I’ve been thinking about the connection between sounds and emotion lately; whether there is a more direct connection between them compared to a visual stimulus, or not, as Jonathan Sterne argues.
The blog posts of my dissertation co-advisor and friend Phil Ford have helped me think about this conundrum. Now, Phil Ford is absolutely cop show, so I invite you to read his entire series of posts on magic starting here. One of Phil’s larger points taken from Ramsey Dukes is that in the realm of magic, a magician does not ask “does it exist?” but “does it work?” The question of whether there truly are goblins or ghosts or valid tarot card readings is sidestepping the point of magic. What really matters is what happens when you start believing in these things—what kind of experiences do they lead to? Do they lead to experiences that can’t be rationalized in any other way? In other words, does the magic work?

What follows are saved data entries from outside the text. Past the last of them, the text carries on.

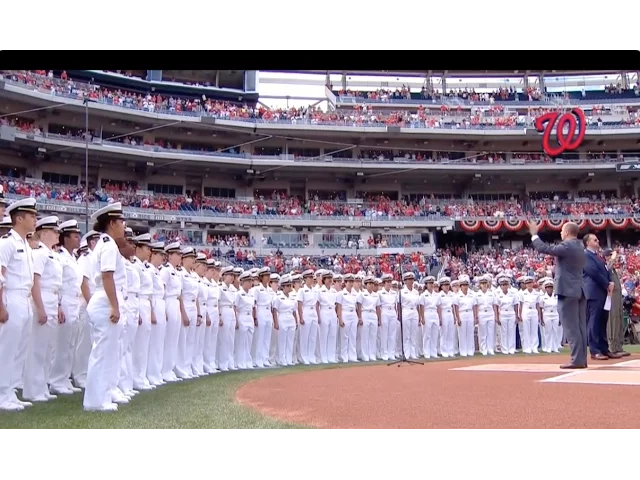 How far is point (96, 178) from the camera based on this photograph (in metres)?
31.5

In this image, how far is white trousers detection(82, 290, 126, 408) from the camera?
5.46 m

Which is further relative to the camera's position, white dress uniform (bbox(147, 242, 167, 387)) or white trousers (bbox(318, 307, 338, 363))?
white trousers (bbox(318, 307, 338, 363))

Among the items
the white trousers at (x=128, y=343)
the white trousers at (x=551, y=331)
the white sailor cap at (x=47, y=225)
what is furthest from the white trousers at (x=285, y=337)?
the white trousers at (x=551, y=331)

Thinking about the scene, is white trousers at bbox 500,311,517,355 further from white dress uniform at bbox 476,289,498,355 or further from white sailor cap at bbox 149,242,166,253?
white sailor cap at bbox 149,242,166,253

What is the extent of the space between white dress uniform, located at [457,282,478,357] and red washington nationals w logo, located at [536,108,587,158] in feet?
71.1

A naysayer would resist this by explaining that virtually any phenomenon we experience can be rationally explained without resorting to things that bump in the night. But this is not necessarily so. We all can point to those weird coincidences and strange happenings that occur every once in a while that defy easy explanation. Most of the time we just say “that’s odd” and forget about it, rather than trying to suss out an explanation that is not forthcoming. It’s too uncomfortable for many of us to hang on to experiences that don’t fit our worldview, so we just dismiss them. Just a couple of weeks ago, the exact moment I turned on the radio in my kitchen while making dinner, my voice came over the radio saying “I want the bells to keep on ringing.” It was the NPR radio show I was interviewed for. The precise moment. Now that’s weird.
Ok, so let’s not get too far off track here. What does magic have to do with sound and emotion? One of Phil’s other points in his magic series is that we all do some magical thinking. And that may be one way to think about the connection between sound and emotion—not whether sounds, in particular music, actually own a direct line to our heart, but if we believe this to be so, do sounds yield the desired emotional response? The belief is the thing. But it comes first, before the experience. And in the case of bell sounds, I think it holds. I’ve shown here and here evidence for an emotional response to bell sounds.
Now this doesn’t mean the experience of these writers will be necessarily the same as anyone else’s. But it may encourage another to adopt the same belief and thus engender a similar reaction. And as a self-proclaimed bell advocate, if I can get you to feel the same mix of wonder, awe, beauty, and emotional intimacy when you hear a bell as I do, then I’ve worked my magic on you.